# Show that $\bigcap_{a \in G} a H a^{-1}$ is a normal subgroup of $G$.

I am reading "An introduction to algebraic systems" by Kazuo Matsuzaka.

In this book, there is the following problem.

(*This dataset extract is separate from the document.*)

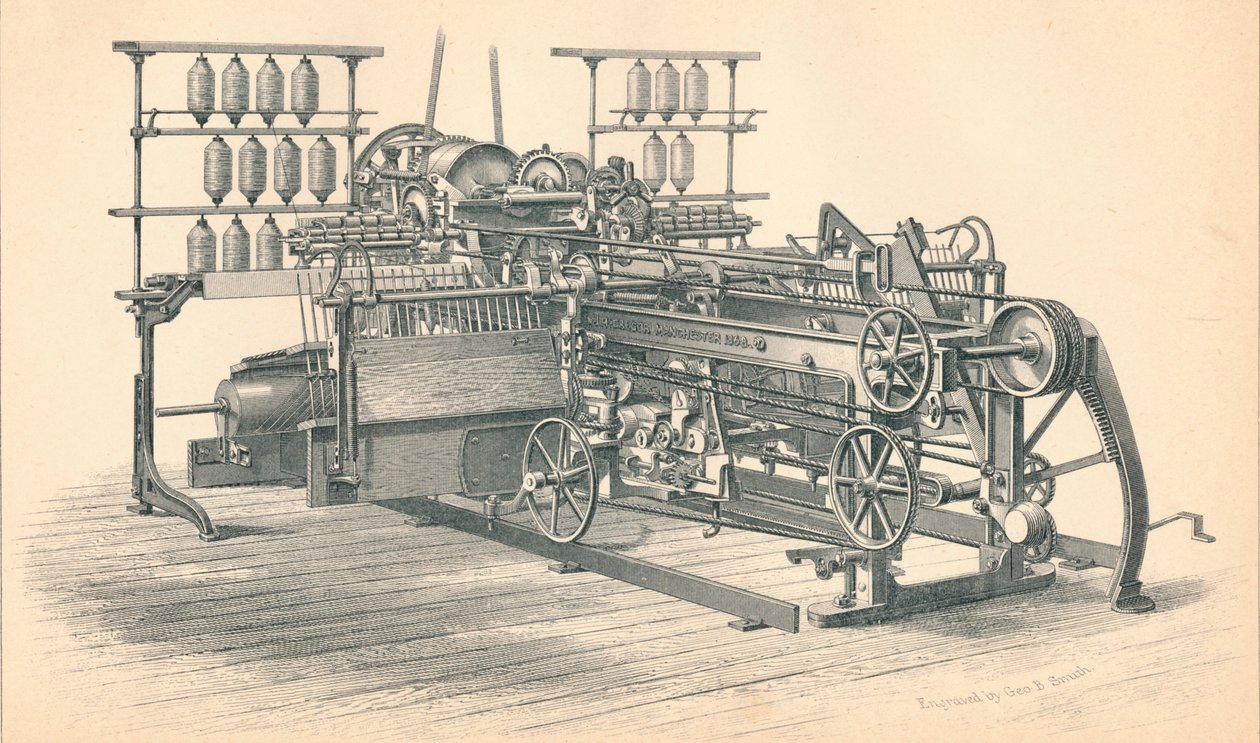 Selvvirkende Mule. Sharp & Roberts Principle, af P. MacGregor, Manchester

I think this problem is easy but a little abstract for me.

Let $$G$$ be a group.
Let $$H$$ be a subgroup of $$G$$.
Let $$N = \bigcap_{a \in G} a H a^{-1}$$.

(1)
Show that $$N$$ is a normal subgroup of $$G$$.

(2)
Show that if $$M$$ is a normal subgroup of $$G$$ and $$M \subset H$$, then, $$M \subset N$$.

(1)
Let $$g_1, g_2$$ be arbitrary elements of $$G$$.
Let $$n$$ be an arbitrary element of $$N$$.
Because $$g_1^{-1} g_2 \in G$$ and $$n \in N$$, so $$n \in g_1^{-1} g_2 H (g_1^{-1} g_2)^{-1}$$.
So, $$n = g_1^{-1} g_2 h (g_1^{-1} g_2)^{-1}$$ for some $$h \in H$$.
Then, $$g_1 n g_1^{-1} = g_1 g_1^{-1} g_2 h (g_1^{-1} g_2)^{-1} g_1^{-1} = g_1 g_1^{-1} g_2 h g_2^{-1} g_1 g_1^{-1} = g_2 h g_2^{-1} \in g_2 H g_2^{-1}$$.
$$g_2$$ was an arbitrary element of $$G$$.
So, $$g_1 n g_1^{-1} \in N$$.
So, $$N$$ is a normal subgroup of $$G$$.

(2)
Let $$m$$ be an arbitrary element of $$M$$.
Let $$g_3$$ be an arbitrary element of $$G$$.
Then, $$g_3^{-1} m (g_3^{-1})^{-1} = g_3^{-1} m g_3 \in M \subset H$$.
$$m = g_3 (g_3^{-1} m g_3) g_3^{-1} \in g_3 H g_3^{-1}$$.
$$g_3$$ was an arbitrary element of $$G$$.
So, $$m \in N$$.

For (1): N is normal iff $$xNx^{-1} = N \forall x \in G$$ . But $$xNx^{-1} = \cap_{a \in G} (xa)H(xa)^{-1}$$ and just note that the function $$a \to xa$$ permutes the elements of G.
For (2): $$M \subset H$$ and M normal implies that $$M = \cap_{a \in G} aMa^{-1} \subset \cap_{a \in G} aHa^{-1} =N$$, as needed.